Assignment> Find the line containing "Calcetin Deportivo Corte" in the entries below. Restate it and each line after it, word for word, up to and including the line containing "Cuiseur à riz".

Information supplied>
§ §

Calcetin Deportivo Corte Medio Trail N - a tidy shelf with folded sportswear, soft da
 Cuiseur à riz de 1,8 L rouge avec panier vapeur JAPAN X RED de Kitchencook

§ §

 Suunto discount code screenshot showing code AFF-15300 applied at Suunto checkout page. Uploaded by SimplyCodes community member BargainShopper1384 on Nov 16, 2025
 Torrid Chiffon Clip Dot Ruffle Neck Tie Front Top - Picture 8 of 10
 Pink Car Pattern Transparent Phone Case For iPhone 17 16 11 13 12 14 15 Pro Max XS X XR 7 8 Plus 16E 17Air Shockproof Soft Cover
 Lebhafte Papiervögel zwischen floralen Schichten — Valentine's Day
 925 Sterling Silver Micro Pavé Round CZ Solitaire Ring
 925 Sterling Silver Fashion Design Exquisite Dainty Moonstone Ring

§ §

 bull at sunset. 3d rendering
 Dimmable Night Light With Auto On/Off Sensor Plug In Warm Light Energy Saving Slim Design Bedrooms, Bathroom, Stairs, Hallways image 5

§ §

Solution>
Calcetin Deportivo Corte Medio Trail N - a tidy shelf with folded sportswear, soft da
 Cuiseur à riz de 1,8 L rouge avec panier vapeur JAPAN X RED de Kitchencook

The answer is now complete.